On that grid we meet Hanks and Jim Broadbent and Hugh Grant and Halle Berry, among others, as each portrays a plurality of people moving up and down their assigned axes. Whereas Forrest Gump — the red-state fantasy classic assembled (from a novel) by that other cold-eyed technocrat, Robert Zemeckis — gave us one incurious man galumphing down the decades, Cloud Atlas serves up several versions of the same clueless wanderers, all at the mercy of pattern.
This is bad news for Hugo Weaving (a brilliant stage actor who deserves a better movie career), who must play an evil phantasm and an evil assassin and not much else. And it's not great for Broadbent, tasked with widening his big British blue eyes when he's innocent and narrowing them when he's not, and not doing much in between. In a movie that intends spiritual enormity, he's looped into a never-ending Benny Hill episode.
But Hanks is Hanks, so his peeps get to climb out of the ooze now and then. His 19th-century ship's doctor and Dickensian innkeeper and murderous writer exist in the book, but they feel tacked on here, a sop to a star eager to geek out with his bosses. And when his contract-demanding virtuous figure shows up — he's some kind of goatherd in a post-meltdown Hawaii — the Hanks of Cast Away ought to feel pretty good. Not so. Hanks with a machete and a very limited vocabulary and a Name of the Rose wig plays like an awful joke. No one was asking to see Tompocalypto. (Nobody wanted to see this the last time someone did it, either. In Bill Forsyth's 1994 Being Human, Robin Williams, another former clock-in at the Happy Days factory, tried on a pair of Everyman pants that didn't fit anyone.)
The Wachowski-Tykwer Cloud Atlas supposes that we're always an X or an O in a game of cosmic tic-tac-toe, that it's just a question of getting the center square once every few generations. Mitchell's novel isn't necessarily much deeper, but it's also not just about reincarnation. As one of its tales moves into the next, with each subsequent narrator considering the previous one, we figure out that the truth of repetition isn't just mortal but also — and more important — in the way that stories are handed across generations. (Published in 2004, it came along at the same moment that the Battlestar Galactica reboot told us, more simply and maybe better, "All of this has happened before and will happen again.") Conveying that here means a reliance on narration, on voice-over, on everything in movies that is lateral and of a more recognizable grammar.
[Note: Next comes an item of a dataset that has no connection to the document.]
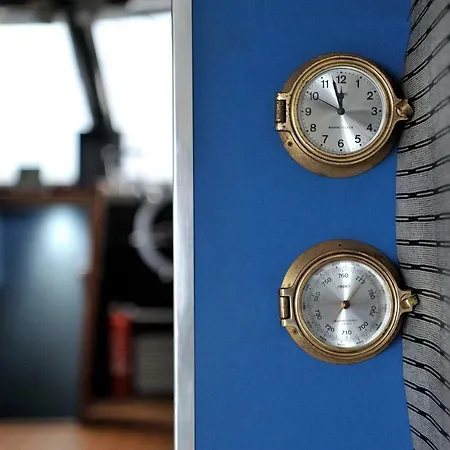 Blue Iii Yacht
Cloud Atlas is a big-canvas work that asks not for your usual suspension of disbelief but for the resumption of belief — in a greater power, in an order, in the thrill of upending that order once an age or so. That's not a bargain most audiences are willing to strike, even those prepared by the memory of all that deep Matrix sagacity. "I'm glad I didn't pay money to see that," clucked several people leaving the Cloud Atlas screening I attended. And for a moment, as much as I disliked Cloud Atlas, I beamed at these people an ugly mental retort: You just didn't get it.
After all, this is the kind of movie that throws around the word amanuensis with impunity. Hey, you think the first time that young musical genius Robert Frobisher (Ben Whishaw) says he's traveling to Belgium to act as amanuensis to a famous old composer, I never thought I'd hear the word amanuensis in a big CGI extravaganza.
But even if you get Cloud Atlas it holds you permanently at bay. By the time this overstuffed visual transcript is over, you think: Hmph. Amanuensis. Figures.